── Collected material ──
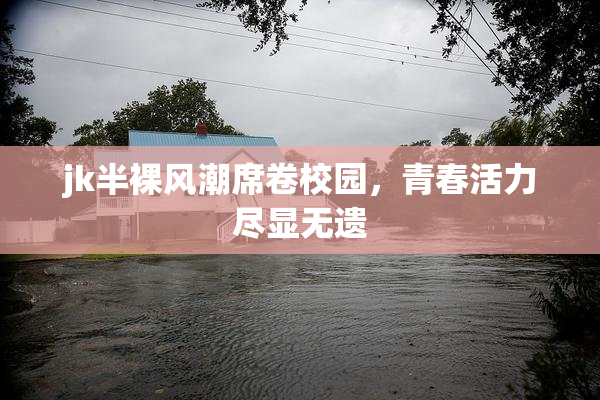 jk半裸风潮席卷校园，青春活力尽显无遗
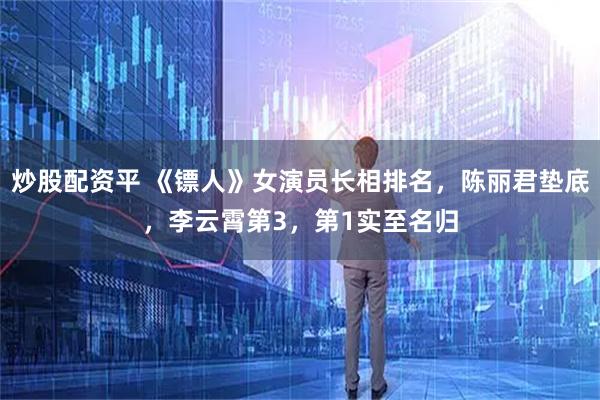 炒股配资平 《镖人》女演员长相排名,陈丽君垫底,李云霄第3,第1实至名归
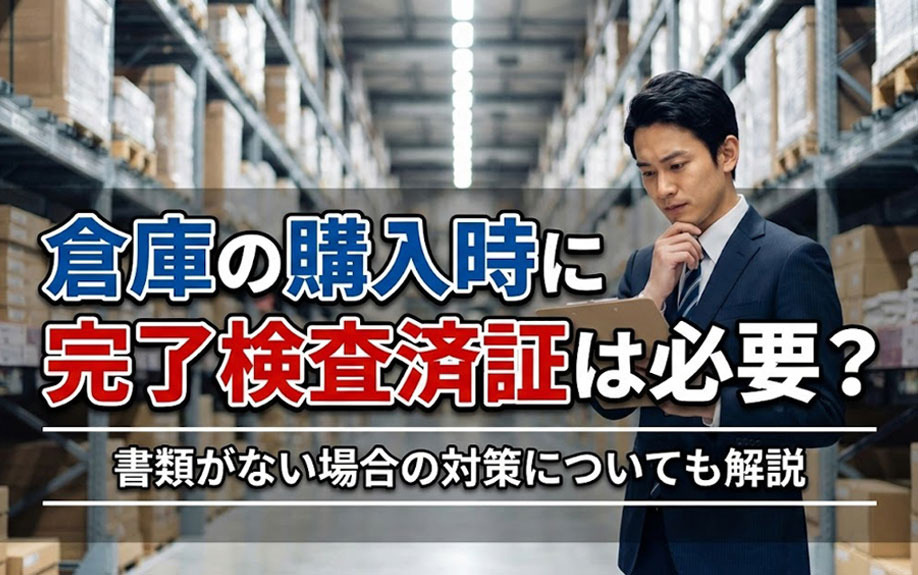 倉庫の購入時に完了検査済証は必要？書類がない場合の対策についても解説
───
• [Your assignment]:
Copy the listing character for character, pictures omitted.

• [Response area]:
 jk半裸风潮席卷校园，青春活力尽显无遗
 炒股配资平 《镖人》女演员长相排名,陈丽君垫底,李云霄第3,第1实至名归
 倉庫の購入時に完了検査済証は必要？書類がない場合の対策についても解説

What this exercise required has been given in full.